No, there’s not a linear progression that takes one from being a firefighter to being the head of a VC, but there are a surprising number of parallels between the two professions. After all, when you are a firefighter you:
- Are genuinely trying to help people
- Are working around the clock
- Have to constantly learn
- Have to be brave
- Have to BE a firefighter — you can’t fake it.
Montserrat, who recently talked to me for an episode of my podcast, Back Yourself, translated his experience as a firefighter into a highly diverse career, which (so far) has included jobs as a purchaser, sales assistance, junior salesman for an American real estate company, online marketing consultant, and more. His career really took off in 2014, when he landed a role as head of business development and partnership at Ztudium and then became a VC relations and deal-flow manager for Microsoft.
Like So Many Before Him, Montserrat Found The Best Way To Learn About VC Was To Be In VC
The role at Microsoft was key, as it thrust Monserrat into the competitive world of VC. There, Montserrat built an ecosystem to accelerate startups and corporate innovation, working with more than 200 VCs globally. Along the way, he learned highly detailed intelligence about the workings of startups, what makes them succeed, and why they might fail.
In 2018, Montserrat left Microsoft to launch his own startup, PK2M, a U.K. FCA authorised fintech which is building a unique venture capital marketplace. That led, just a few months later, to the founding of another company, Consilience Ventures, which is a global data-driven VC economy using its own digital currency to invest in carefully selected B2B start-ups from pre-seed to Series A.
Why Would Anyone Leave The Security Of A Microsoft For The Insecurity Of A Startup?
When he went to Microsoft, he was not looking to pad his CV with flashy corporate logos. From his early days, when he went to the U.S. to learn English and wound up working for a real estate company, Montserrat has sought unique and oftentimes uncomforting experiences, which has set the stage for him to excel in the uncertain world of startups.
“I have been this way for a very long time,” he said. “I was not looking to work for a large company. I was not really looking for that level of certainty. I am much more excited by the journey rather than the actual object.”
With two startups under his belt, and more likely on the horizon, Montserrat is in a good position to offer advice about running a startup.
4 Key Details Every Startup Should Focus On
- Surround yourself with people who can support you. As Monserrat notes, much of the success of a startup is due to the startup owner’s support structure, which for him is his wife and a few close friends in London.
- Ask yourself how hard what you are going to do is. If it is not hard, it is probably not worth the effort. Easy is boring, and easy almost never works for startups.
- Measure what kind of risk you are ready to take and be prepared for the worst.
- Make sure you enjoy your job and the people you are working with, because the startup journey will take you through difficult storms.

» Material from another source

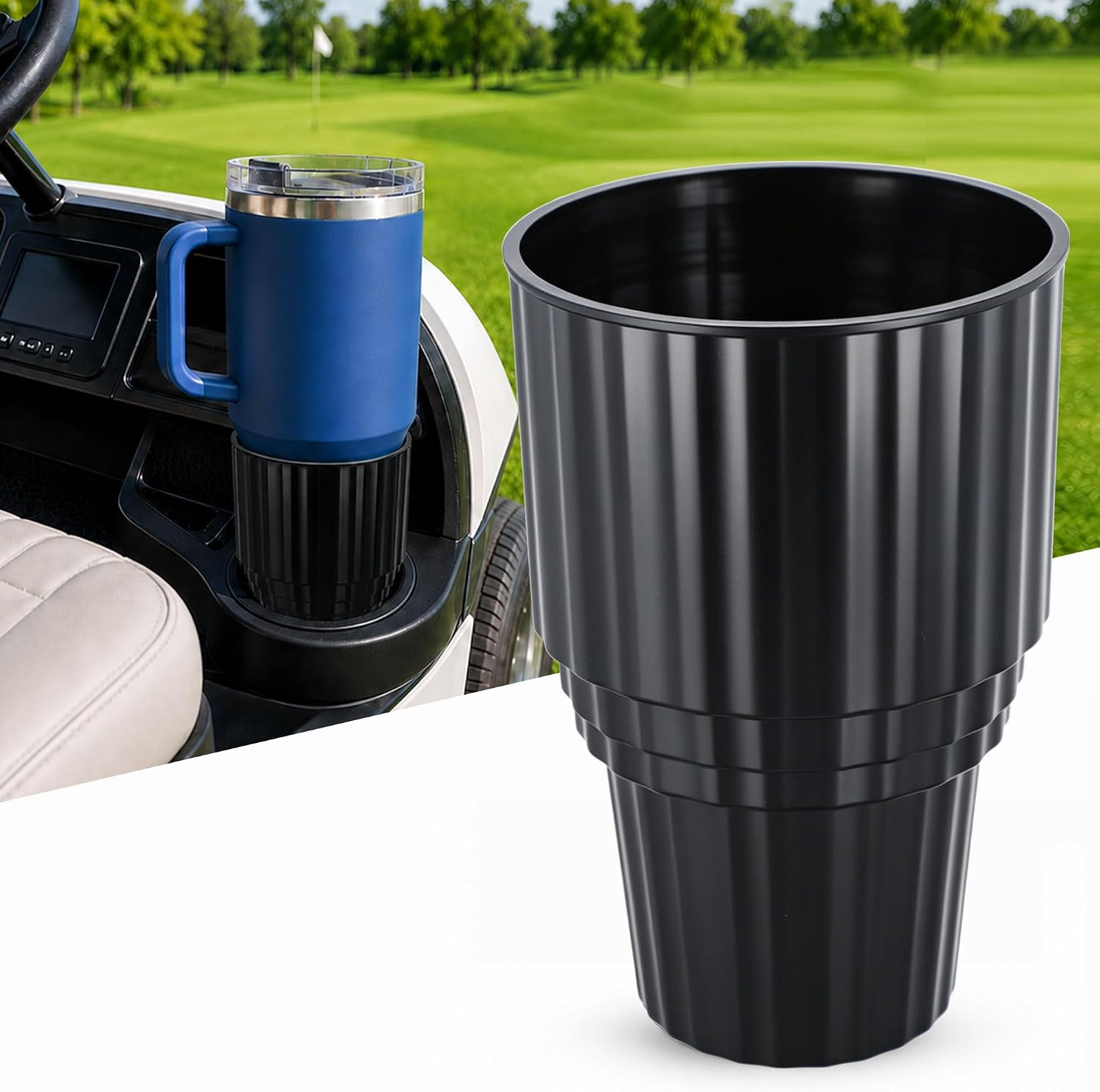 Golf Cart Cup Holder for Propane Heater and Cup, Front Dash Cup Holder Adapter,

If you are not surrounded by people you would like to go through a storm with, then there is no point in creating that company. If you are not enjoying every single second, then it is not worth it.
Don’t Be Fooled By Access To Capital
Monserrat has a warning for startups seeking capital: Getting capital does not validate your business idea, your model, or anything else that is really important.
“Don’t be fooled by access to capital,” he said. “Raising money is never business model validation. It just means that people have some faith in you and what you are building. The only thing that validates a business model is the ability to get profit.”
Kevin Monserrat marshaled a wildly diverse background into a career focused on VC and startups. Along the way, he learned the value of supportive partners, the false promise of access to capital, and details that every startup should focus on.